Is the chain on the big sprocket at the back when you try to shift from the middle to the small on the front ?

9 - Front Derailleur Adjustment - YouTube


----------



## PnkCrnk (Nov 25, 2010)

jeder212 said:


> Obviously I do too.
> 
> While at work today, I decided to clean and lube all I could. I removed, and soaked the chain in degreaser. I then pulled the rear derailleur off, cleaned and lubed it. Using a toothbrush, I cleaned the rear cassette, the chainrings and the font derailleur. Then lubed the front derailleur, and all my cables. Finished cleaning chain, dried, lubed, and replaced. I tuned the rear derailleur first. I got it shifting smoother than it was when I first got the bike. I'm very happy with it.
> 
> ...


The height does affect the operation of the derailleur so check that it is set properly. Is your derailleur a Shimano? Because you can go to Shimano's techsite (Shimano) and find the technical manual for it. Besides the low and hight limits, you also have to set the intermediate (middle ring) setting for your derailleur. This should be in the manual for your derailleur.


----------



## jeder212 (Oct 1, 2011)

Yesterday I completely removed the derailleur and super cleaned and lubed it. After putting it all back together, it shifts almost perfectly. Sometimes it's quick, sometimes there is a slight hesitation. 

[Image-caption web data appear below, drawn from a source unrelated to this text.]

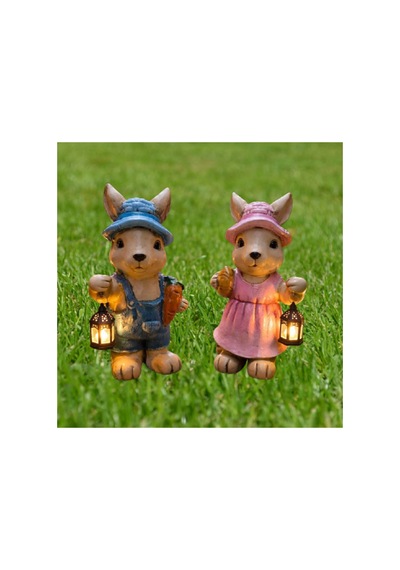 Led Fenerli Sevimli Tavşan Biblo Seti Bahçe & Balkon Işıklı Polyester Tavşan Figür 2 Li Set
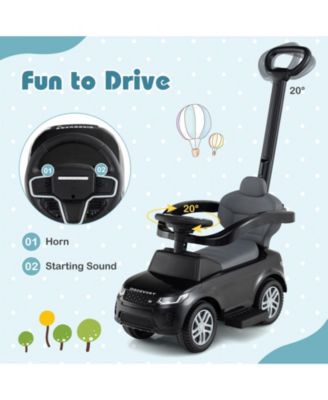 3-in-1 Push Car with Removable Handle, Guardrail, and Storage for Toddlers 18–36 Months - Black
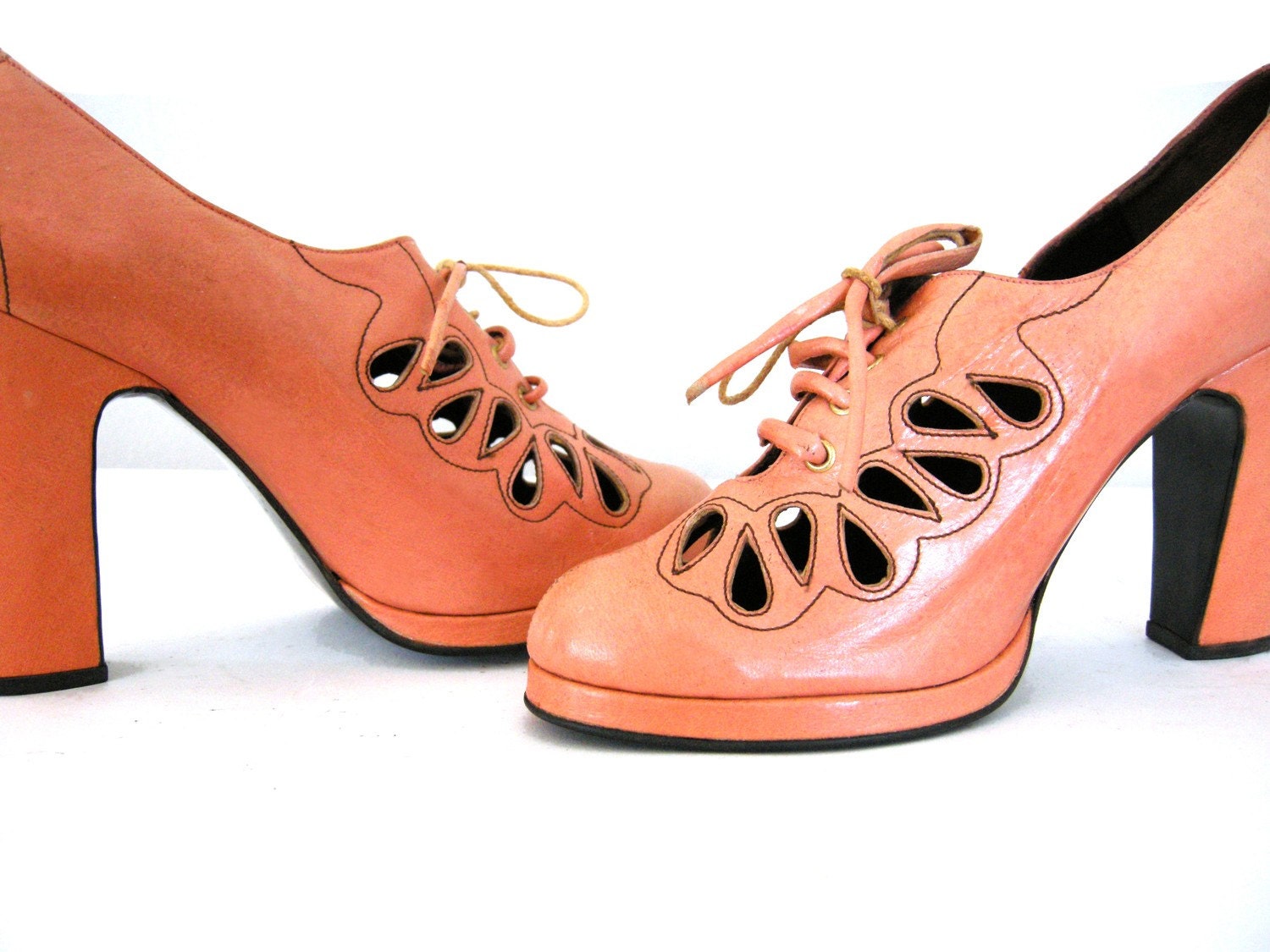 70s does 30s ORANGE CREAMSICLE POWDER POWER POPSICLE stunning EYELET cut PLATFORM shoes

I couldn't figure out a way to adjust the height yet. It's and E type derailleur, so I'm not sure there is an height adjustment on it.


----------



## cobba (Apr 5, 2007)

jeder212 said:


> I couldn't figure out a way to adjust the height yet. It's and E type derailleur, so I'm not sure there is an height adjustment on it.

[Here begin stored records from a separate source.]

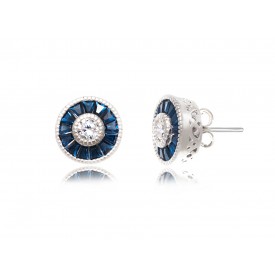 EDE8661 S/S ROUND BLUE SPINEL BAGETTE POST EARRINGS
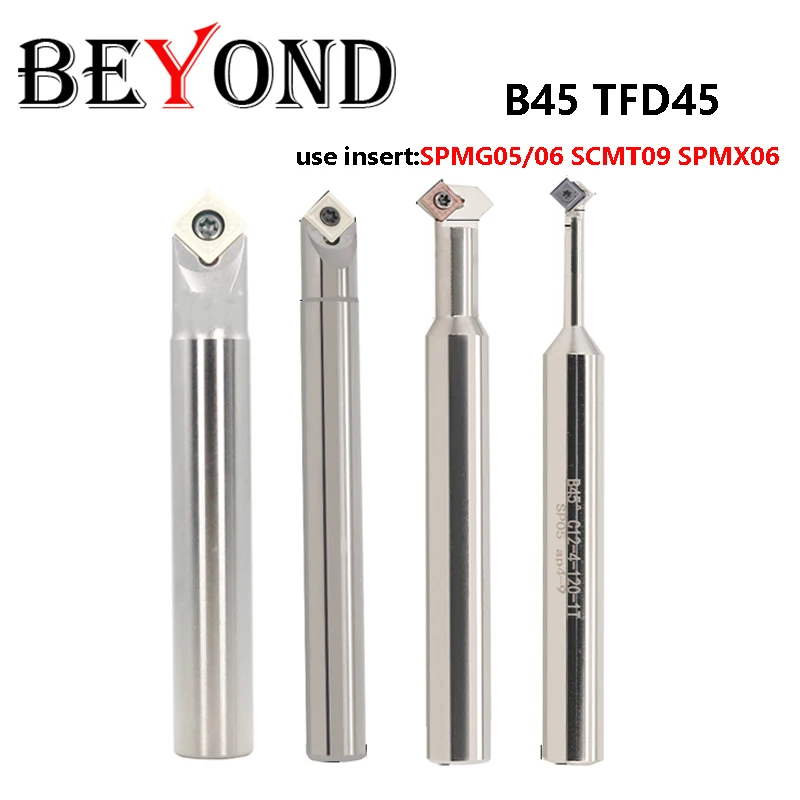 BEYOND 45 Degree B45 TFD45 C16-16-110 C12 C20 Chamfering Cutter Lathe End Mill Milling Knife CNC Holder Use Insert SPMG06 SCMT09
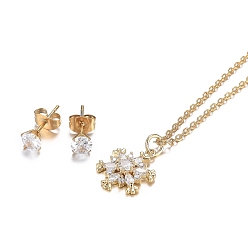 Golden Christmas 304 Stainless Steel Rhinestone Jewelry Sets, Snowflake Pendant Necklaces and Stud Earrings, Cable Chains, Lobster Claw Clasps and Ear Nuts, Crystal, Golden, 18.11 inch(46cm), 15x5.5mm, Pin: 0.7mm
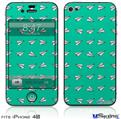 iPhone 4S Decal Style Vinyl Skin - Paper Planes Turquoise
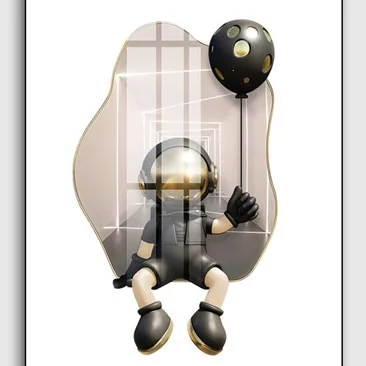 SKU 0606 1 2 - Tranh 3D Led Cắt Phi Hành Gia Khung Dọc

What brand & model is it ?


----------



## jeder212 (Oct 1, 2011)

cobba said:


> What brand & model is it ?


It's a Shimano FD-M330.


----------



## PnkCrnk (Nov 25, 2010)

I'm not sure about the height adjustment for E-type derailleurs, maybe it can't be adjusted up or down. Here's the link to your derailleur's installation and adjustment manual: FD-M330.

Check that your cables are moving smoothly and not snagging. Also check that the bottom bracket was not replaced with one that has the wrong specs, and that the right number and widths of spacers, if any, are there.


----------



## Gildnerb (Sep 23, 2011)

I have the same bike and front deraillur. When the chain is on the middle chain ring, a few of the teeth on the large chain ring hit the front deraillur. I can't adjust the height of it so is there anything else I can do?


----------